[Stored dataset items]
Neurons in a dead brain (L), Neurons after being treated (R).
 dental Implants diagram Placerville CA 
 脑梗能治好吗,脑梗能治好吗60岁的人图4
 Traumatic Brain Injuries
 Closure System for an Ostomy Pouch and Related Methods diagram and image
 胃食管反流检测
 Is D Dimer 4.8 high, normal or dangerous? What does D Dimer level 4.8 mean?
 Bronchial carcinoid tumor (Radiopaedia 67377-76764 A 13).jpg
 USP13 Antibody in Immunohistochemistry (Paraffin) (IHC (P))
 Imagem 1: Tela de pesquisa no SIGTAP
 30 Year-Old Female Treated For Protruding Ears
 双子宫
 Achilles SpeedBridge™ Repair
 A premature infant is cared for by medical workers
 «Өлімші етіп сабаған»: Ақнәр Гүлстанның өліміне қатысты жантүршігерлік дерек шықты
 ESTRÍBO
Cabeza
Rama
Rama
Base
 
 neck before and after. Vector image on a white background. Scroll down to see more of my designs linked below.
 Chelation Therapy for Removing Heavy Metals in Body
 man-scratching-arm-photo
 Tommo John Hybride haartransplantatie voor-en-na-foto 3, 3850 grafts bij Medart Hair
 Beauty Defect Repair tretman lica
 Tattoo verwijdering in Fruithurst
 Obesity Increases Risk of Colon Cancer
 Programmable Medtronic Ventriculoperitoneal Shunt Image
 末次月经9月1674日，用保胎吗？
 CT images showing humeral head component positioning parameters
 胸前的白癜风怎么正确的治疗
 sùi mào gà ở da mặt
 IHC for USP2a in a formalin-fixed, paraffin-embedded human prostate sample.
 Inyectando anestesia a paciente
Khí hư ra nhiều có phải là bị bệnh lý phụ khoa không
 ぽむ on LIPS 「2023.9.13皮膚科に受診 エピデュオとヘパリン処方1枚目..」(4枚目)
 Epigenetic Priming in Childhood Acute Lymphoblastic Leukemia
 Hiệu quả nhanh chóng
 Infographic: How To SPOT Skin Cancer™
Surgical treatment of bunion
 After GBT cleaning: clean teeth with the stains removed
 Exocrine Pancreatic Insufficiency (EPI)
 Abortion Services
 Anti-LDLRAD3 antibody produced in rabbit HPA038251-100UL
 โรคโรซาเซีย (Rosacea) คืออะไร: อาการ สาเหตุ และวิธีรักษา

### The task
Count the lines in these records that hold the string "diagram". Only the number is wanted.

### Output for this exercise
2